**Input records:**
────────────────────────────────────────

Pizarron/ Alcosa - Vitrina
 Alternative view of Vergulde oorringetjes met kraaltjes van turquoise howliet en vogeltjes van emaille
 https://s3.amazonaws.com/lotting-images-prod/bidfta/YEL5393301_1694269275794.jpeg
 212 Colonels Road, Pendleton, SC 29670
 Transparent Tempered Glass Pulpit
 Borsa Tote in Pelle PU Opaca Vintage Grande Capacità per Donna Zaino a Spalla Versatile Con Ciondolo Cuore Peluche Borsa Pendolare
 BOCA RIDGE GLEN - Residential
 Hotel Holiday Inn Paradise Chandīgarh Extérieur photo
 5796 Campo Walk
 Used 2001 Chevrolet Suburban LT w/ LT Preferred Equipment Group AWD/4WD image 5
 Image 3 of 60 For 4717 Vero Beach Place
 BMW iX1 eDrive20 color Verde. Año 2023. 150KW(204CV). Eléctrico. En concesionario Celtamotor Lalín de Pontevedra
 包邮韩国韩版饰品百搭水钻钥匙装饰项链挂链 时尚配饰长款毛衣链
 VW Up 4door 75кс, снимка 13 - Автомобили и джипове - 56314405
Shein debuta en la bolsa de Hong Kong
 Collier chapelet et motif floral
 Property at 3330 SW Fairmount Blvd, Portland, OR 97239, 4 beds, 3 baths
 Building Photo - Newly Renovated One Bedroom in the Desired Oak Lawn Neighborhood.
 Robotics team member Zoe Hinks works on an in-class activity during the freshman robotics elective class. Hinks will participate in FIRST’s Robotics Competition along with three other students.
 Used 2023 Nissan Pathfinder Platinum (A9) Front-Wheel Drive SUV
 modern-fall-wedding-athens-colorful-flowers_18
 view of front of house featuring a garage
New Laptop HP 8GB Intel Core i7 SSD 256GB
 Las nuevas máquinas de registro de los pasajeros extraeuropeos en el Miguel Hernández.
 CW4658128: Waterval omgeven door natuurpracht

────────────────────────────────────────

Look through the listing, and copy each line that contains the word "Used".

 Used 2001 Chevrolet Suburban LT w/ LT Preferred Equipment Group AWD/4WD image 5
 Used 2023 Nissan Pathfinder Platinum (A9) Front-Wheel Drive SUV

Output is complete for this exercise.